Los números llegaron antes que los discursos. Entre el 1 de enero y el 13 de julio de 2026, Bogotá registró reducciones en seis modalidades de hurto frente al mismo periodo de 2025, según el Sistema de Información Estadístico, Delincuencial, Contravencional y Operativo (Siedco).
El hurto a comercios encabeza la tabla con una caída del 22%, resultado que la administración distrital atribuye al aumento de patrullajes en corredores comerciales, operativos de inspección y estrategias como el Plan Gourmet y la intervención de los Grupos Especiales Motorizados (Gema). Las capturas incluyeron a alias Gafas, señalado por las autoridades como responsable de múltiples robos a locales.
El hurto a personas —el delito que más golpea la percepción de seguridad— bajó 18%. Las megatomas en distintas localidades, los controles de identificación en vía pública y los operativos en la troncal de TransMilenio de la avenida Caracas, entre la avenida Jiménez y la calle 76, figuran entre las acciones citadas en el balance oficial.

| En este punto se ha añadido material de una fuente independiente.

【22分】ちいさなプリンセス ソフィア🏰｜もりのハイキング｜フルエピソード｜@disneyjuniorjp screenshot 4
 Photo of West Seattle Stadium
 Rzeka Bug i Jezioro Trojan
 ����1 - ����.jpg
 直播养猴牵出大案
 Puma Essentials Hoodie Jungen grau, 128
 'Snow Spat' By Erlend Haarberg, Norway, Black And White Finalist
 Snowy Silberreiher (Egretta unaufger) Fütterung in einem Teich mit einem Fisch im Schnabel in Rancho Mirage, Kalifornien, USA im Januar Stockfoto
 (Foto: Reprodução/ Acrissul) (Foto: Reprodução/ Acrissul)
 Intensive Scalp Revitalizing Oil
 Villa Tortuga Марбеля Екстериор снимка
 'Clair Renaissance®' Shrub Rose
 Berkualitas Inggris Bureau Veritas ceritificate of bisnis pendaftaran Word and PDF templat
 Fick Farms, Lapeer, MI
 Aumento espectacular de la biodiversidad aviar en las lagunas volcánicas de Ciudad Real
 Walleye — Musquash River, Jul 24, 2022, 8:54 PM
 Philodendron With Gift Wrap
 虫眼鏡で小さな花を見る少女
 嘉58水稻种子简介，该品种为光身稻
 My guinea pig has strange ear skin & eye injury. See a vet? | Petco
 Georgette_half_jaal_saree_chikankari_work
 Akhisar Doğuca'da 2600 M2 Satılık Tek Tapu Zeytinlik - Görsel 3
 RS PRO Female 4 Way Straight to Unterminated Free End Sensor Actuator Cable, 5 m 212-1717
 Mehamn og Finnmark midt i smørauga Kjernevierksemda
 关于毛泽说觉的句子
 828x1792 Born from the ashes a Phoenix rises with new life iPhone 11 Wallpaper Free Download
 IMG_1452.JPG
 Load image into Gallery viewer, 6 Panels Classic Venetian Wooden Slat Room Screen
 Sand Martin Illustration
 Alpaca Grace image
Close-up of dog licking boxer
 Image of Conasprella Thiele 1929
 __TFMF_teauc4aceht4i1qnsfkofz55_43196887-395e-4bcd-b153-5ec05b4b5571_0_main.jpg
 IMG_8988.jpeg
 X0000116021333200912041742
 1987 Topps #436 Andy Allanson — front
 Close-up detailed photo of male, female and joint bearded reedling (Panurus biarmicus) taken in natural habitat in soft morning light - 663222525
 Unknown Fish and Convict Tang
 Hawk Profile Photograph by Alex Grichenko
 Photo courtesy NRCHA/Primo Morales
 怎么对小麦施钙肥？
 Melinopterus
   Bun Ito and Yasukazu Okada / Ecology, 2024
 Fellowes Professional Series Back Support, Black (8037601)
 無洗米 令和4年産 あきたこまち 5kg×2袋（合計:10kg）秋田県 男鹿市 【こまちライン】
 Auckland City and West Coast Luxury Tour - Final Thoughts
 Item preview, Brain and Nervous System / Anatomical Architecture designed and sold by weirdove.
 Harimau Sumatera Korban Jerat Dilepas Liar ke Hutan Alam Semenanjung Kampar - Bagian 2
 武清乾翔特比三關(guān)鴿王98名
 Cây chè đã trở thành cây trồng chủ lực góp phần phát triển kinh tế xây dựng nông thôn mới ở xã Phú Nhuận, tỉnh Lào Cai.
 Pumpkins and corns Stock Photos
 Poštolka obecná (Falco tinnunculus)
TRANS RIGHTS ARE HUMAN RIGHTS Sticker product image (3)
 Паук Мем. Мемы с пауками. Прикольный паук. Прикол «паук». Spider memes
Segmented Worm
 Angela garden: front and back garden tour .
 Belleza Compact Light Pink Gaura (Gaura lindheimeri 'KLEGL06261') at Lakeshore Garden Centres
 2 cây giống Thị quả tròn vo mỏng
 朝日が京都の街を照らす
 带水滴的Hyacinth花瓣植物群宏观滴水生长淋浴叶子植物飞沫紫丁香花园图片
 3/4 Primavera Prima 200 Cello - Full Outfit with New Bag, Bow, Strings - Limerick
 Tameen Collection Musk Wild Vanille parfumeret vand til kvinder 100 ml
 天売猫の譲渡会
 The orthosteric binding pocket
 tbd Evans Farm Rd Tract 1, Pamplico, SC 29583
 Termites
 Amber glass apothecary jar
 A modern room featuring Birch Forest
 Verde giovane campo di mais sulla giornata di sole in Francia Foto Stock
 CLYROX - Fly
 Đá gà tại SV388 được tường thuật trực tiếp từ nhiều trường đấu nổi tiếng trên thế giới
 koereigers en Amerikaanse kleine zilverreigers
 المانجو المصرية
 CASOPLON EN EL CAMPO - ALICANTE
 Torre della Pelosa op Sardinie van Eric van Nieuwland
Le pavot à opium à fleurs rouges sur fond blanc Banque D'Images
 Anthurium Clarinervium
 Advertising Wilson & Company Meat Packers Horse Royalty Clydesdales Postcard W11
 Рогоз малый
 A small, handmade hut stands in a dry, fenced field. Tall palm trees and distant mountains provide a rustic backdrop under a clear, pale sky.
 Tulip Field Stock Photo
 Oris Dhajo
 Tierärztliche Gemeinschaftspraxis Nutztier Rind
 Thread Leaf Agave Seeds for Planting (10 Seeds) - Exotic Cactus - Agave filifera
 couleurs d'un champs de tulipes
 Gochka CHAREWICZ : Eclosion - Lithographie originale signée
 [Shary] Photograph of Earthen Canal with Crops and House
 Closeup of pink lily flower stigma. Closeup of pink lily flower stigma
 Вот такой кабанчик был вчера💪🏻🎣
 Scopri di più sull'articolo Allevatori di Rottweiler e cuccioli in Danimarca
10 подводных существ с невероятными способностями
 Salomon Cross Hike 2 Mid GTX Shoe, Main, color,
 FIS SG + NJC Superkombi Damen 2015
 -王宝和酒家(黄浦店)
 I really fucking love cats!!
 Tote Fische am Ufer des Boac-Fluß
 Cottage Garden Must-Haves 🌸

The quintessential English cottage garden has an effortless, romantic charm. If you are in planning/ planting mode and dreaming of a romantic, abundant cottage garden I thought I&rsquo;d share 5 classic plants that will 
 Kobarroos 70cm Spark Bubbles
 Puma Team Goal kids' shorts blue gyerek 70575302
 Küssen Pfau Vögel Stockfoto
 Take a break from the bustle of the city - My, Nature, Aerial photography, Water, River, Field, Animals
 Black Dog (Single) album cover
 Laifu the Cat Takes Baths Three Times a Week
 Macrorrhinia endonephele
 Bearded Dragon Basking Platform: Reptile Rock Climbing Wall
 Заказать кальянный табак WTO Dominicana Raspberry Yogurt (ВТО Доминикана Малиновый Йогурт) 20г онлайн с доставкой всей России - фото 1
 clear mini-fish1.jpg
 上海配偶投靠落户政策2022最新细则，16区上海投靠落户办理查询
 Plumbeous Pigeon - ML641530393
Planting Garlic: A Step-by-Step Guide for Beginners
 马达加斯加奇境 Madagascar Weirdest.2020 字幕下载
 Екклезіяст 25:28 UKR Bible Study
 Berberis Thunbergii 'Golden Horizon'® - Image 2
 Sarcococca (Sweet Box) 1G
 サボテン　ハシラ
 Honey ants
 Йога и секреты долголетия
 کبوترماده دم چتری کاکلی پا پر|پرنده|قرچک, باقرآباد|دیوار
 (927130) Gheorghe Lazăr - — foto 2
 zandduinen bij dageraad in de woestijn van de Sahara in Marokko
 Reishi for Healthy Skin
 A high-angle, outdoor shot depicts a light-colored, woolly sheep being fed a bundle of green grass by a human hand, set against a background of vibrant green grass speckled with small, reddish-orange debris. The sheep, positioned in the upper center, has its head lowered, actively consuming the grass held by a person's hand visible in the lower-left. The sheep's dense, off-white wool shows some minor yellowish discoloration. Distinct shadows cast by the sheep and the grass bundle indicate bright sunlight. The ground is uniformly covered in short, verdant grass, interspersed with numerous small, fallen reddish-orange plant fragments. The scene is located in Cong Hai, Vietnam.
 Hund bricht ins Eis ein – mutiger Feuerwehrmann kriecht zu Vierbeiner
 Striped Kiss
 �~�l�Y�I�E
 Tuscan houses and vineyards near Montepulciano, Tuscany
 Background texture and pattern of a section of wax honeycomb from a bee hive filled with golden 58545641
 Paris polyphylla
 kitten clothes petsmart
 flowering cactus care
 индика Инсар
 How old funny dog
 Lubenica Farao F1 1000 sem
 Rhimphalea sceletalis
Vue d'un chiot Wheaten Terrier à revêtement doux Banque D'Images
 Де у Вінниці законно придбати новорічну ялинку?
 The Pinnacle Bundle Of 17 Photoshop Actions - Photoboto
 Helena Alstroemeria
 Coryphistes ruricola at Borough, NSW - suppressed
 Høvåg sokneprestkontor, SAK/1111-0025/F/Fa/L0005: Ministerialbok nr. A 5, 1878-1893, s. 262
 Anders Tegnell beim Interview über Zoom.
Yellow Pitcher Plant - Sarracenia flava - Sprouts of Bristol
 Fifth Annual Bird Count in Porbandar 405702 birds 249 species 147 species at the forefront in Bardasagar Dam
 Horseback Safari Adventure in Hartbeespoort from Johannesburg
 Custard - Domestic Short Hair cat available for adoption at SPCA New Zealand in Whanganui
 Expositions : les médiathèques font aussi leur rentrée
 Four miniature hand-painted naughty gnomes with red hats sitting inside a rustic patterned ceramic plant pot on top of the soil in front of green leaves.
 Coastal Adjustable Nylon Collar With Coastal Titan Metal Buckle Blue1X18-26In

El robo de automóviles descendió 14%. En ese frente, las investigaciones judiciales desarticularon a la organización conocida como «Los Pumas», señalada de hurtar vehículos de plataforma y automóviles de alta gama. Su presunto cabecilla, alias Sebas, fue capturado durante el operativo.
Las motocicletas y los celulares registraron cada uno una reducción del 9%, mientras que el hurto de bicicletas cayó 4%. Los controles de placas, inspecciones a talleres y la verificación de antecedentes explican, según las autoridades, el comportamiento del segmento de motos.
El secretario Distrital de Seguridad, César Restrepo, atribuyó los resultados a la constancia operativa: «Estos resultados demuestran que reforzar los operativos en calle, realizar intervenciones focalizadas, la denuncia ciudadana y fortalecer la capacidad operativa está consolidando una tendencia de reducción de los delitos que más afectan a la ciudadanía», afirmó.
La lectura de Ágora Capital. Los datos de Bogotá ilustran una ecuación que el petrismo nacional prefiere ignorar: cuando el Estado cumple su función básica —garantizar orden y propiedad— la actividad económica respira. Un comercio que no teme el robo contrata, invierte y paga impuestos; uno que cierra temprano por inseguridad destruye empleo y base tributaria. La reducción del 22% en hurtos a establecimientos no es solo una estadística policial; es una señal de que el entorno para la libre empresa puede mejorar cuando la gestión se mide por resultados y no por ideología. Capital busca reglas claras —y calles seguras son la primera de ellas.